The answer is absolutely No as can be easily verified in zillions of sources.
(The unusually worded ambiguous information mentioned in the other answer, was once on a US embassy web site, but was removed as it was so confusing.)
It’s fairly annoying to have to explain this explicitly but:
The question was:
Can I travel to the United States on the Visa Waiver Program to find a job or attend interviews and then apply for the E-3 visa once I return to Australia?

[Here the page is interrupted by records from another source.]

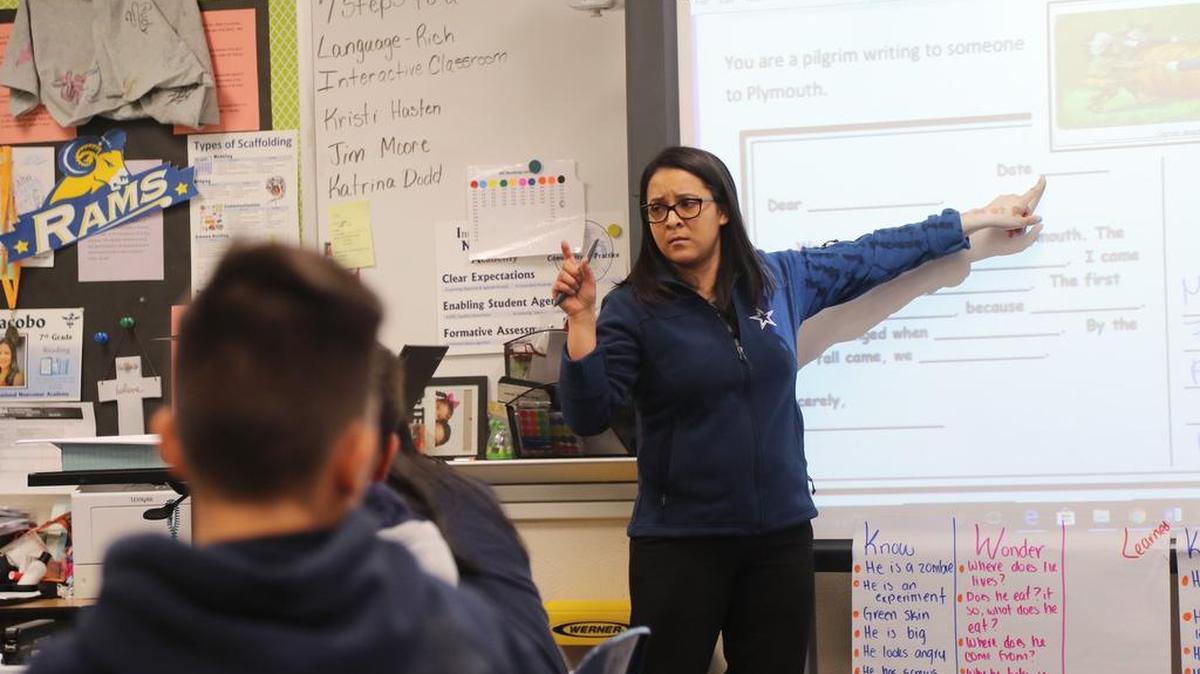 Claudia Jacobo Martínez, beneficiaria del DACA, enseña en su clase de Lectura de séptimo grado en la International Newcomer Academy en Fort Worth.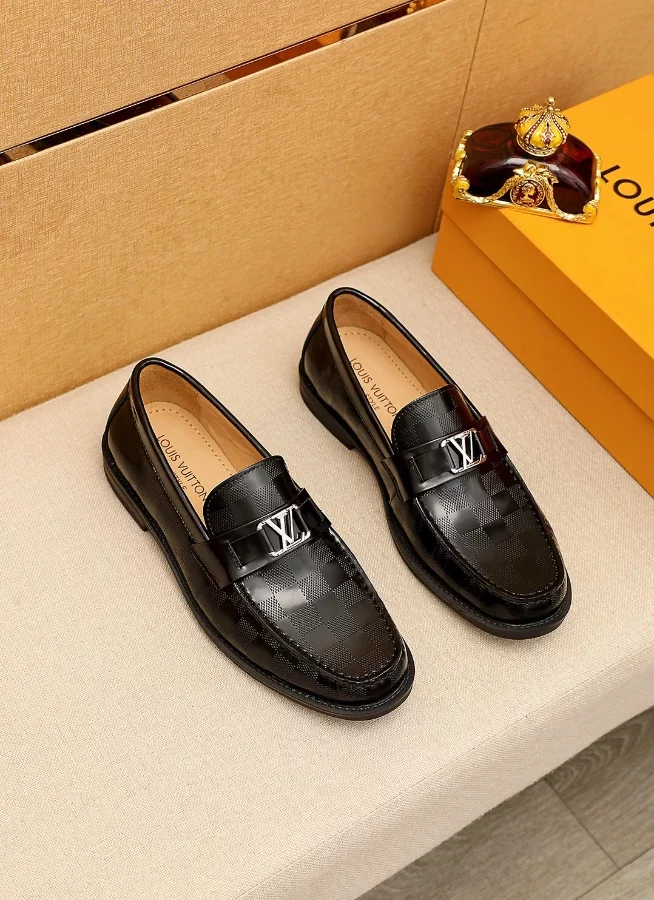 Louis Vuitton Loafer - LL25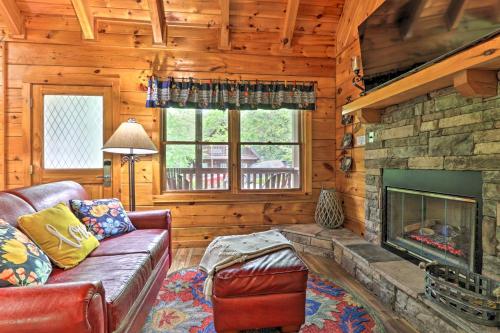 Romantic Gatlinburg Studio Cabin with Hot Tub and Deck - image 7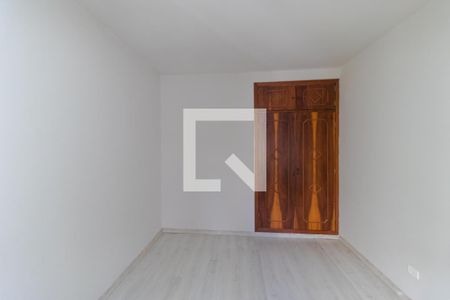 Casa à venda com 330m², 4 quartos e 4 vagas Casa à venda com 330m², 4 quartos e 4 vagasQuarto 01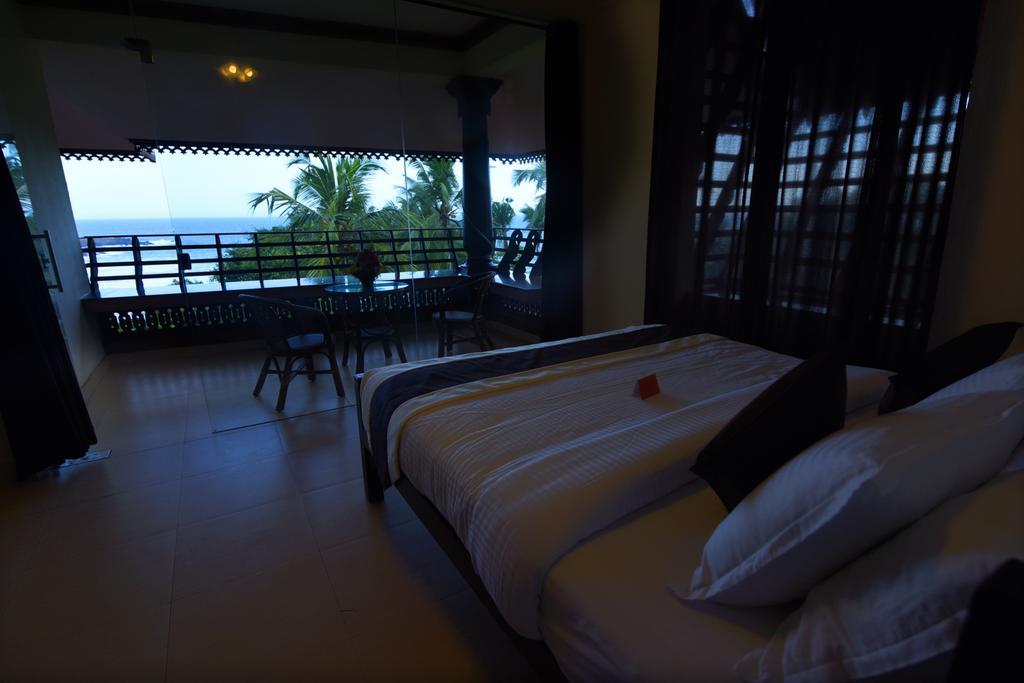Kovalam Beach Hotel Εξωτερικό φωτογραφία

could not be more different.
The question might as well ask,
"Can I travel to visit my grandmother or buy leopards"
"Can I travel to see the Grand Canyon or work for Microsoft".
and so on.
The question is meaningless.
The answer was:
Yes, you can travel on the Visa Waiver Program (VWP) if you meet the requirements (please see our page on the Visa Waiver Program)…
Note that the QA page was about the VWP specifically.
Since the question was meaningless – it asks two utterly different questions – the minimum-wage staffer from the embassy who wrote the answer just typed "you can use a VWP if you meet the requirements. See the actual facts on the VWP to see if you meet the requirements."
{And if you go there it, obviously, says "you cannot come to the US to look for a job". As on every other piece of information ever emitted by the US Government regarding visas!}
Equally obviously, this confusing answer was, of course, removed from the embassy web site.
As I say, it is fairly annoying to have to take time explain this explicitly because it is so glaringly obvious, and it is such an well-known fact that, of course, you cannot come to the US and look for a job.
Surely, surely, surely, surely folks as sophisticated internet users, as site visitors here, realize it’s a well known problem in the information age where you get one glaringly, obviously, wrong bit of text on the net (whether about programming, physics, or whatever) gets magnified by folks endlessly repeating it over years.
Yes.
From a visa website (since the original Embassy link is dead, but same content):
Question:
Can I travel to the United States on the Visa Waiver Program to find a
job or attend interviews and then apply for the E-3 visa once I return
to Australia?
Answer:
Yes, you can travel on the Visa Waiver Program (VWP) if you meet the
requirements (please see our page on the Visa Waiver Program). If you
do not meet the VWP requirements, you may be eligible to travel on the
B-1/B-2 Combined Visa for Business or Pleasure.You must leave the United States before applying for your E-3 visa.